DATA EXTRACT START

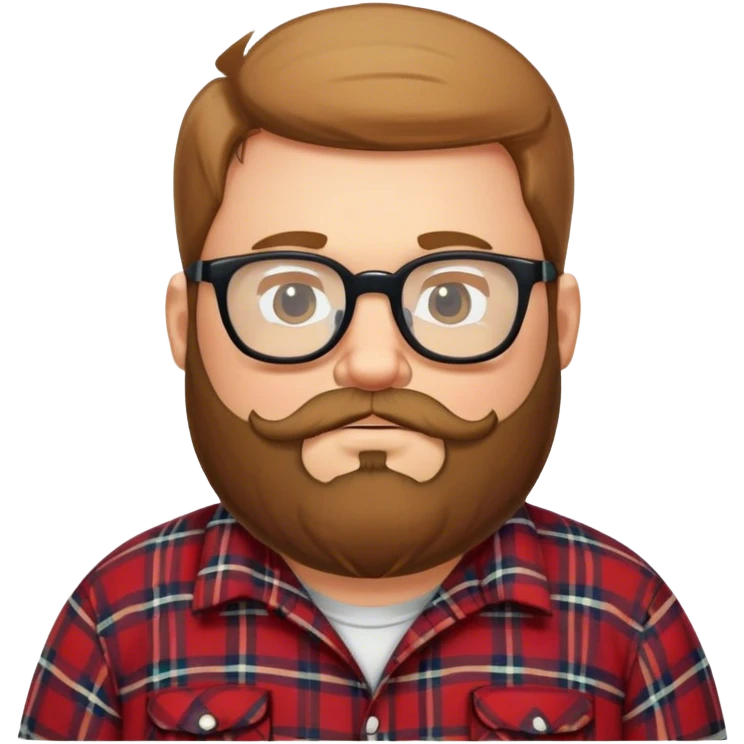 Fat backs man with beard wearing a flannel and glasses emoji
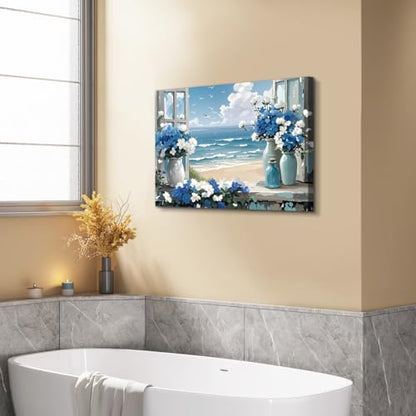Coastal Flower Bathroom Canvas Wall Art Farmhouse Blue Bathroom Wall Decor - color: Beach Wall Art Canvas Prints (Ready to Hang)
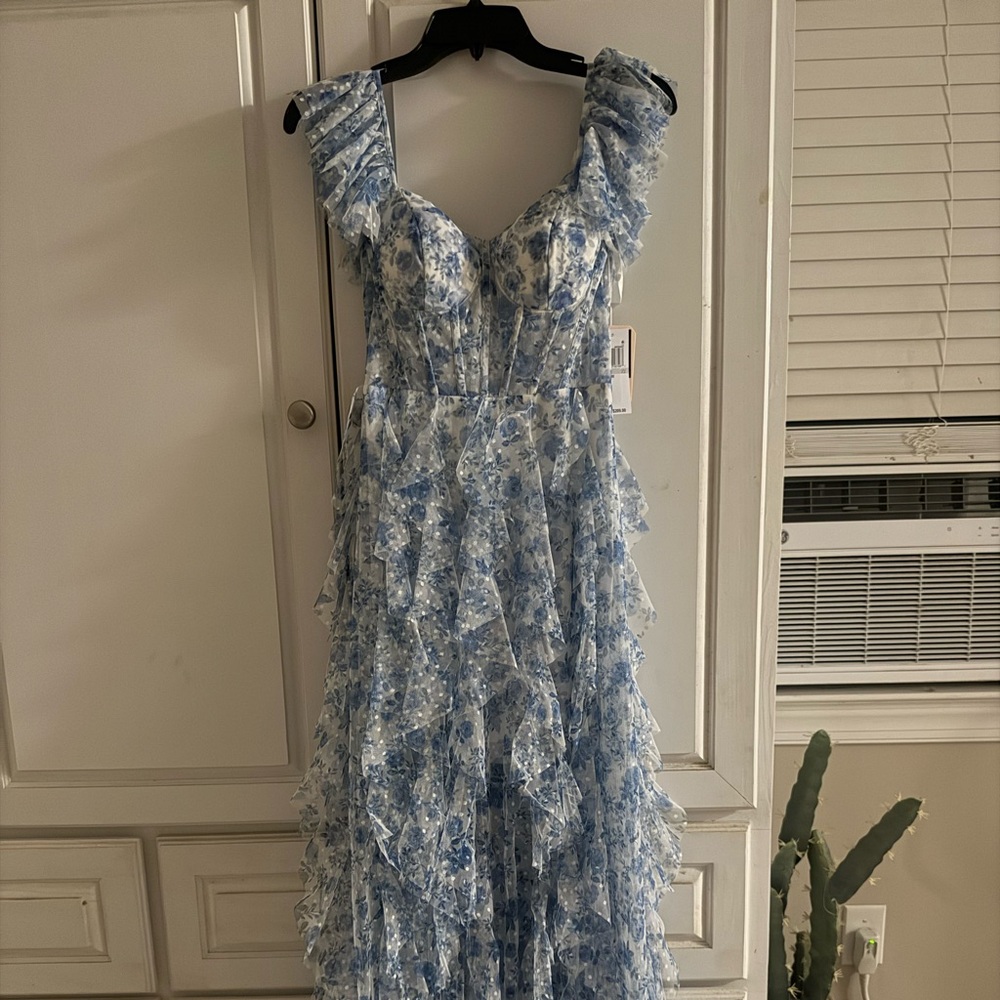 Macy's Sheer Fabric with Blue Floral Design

DATA EXTRACT END

WHAT THE TASK REQUIRES
Set down the material above as is, without any pictures.

EXERCISE RESPONSE
 Fat backs man with beard wearing a flannel and glasses emoji
Coastal Flower Bathroom Canvas Wall Art Farmhouse Blue Bathroom Wall Decor - color: Beach Wall Art Canvas Prints (Ready to Hang)
 Macy's Sheer Fabric with Blue Floral Design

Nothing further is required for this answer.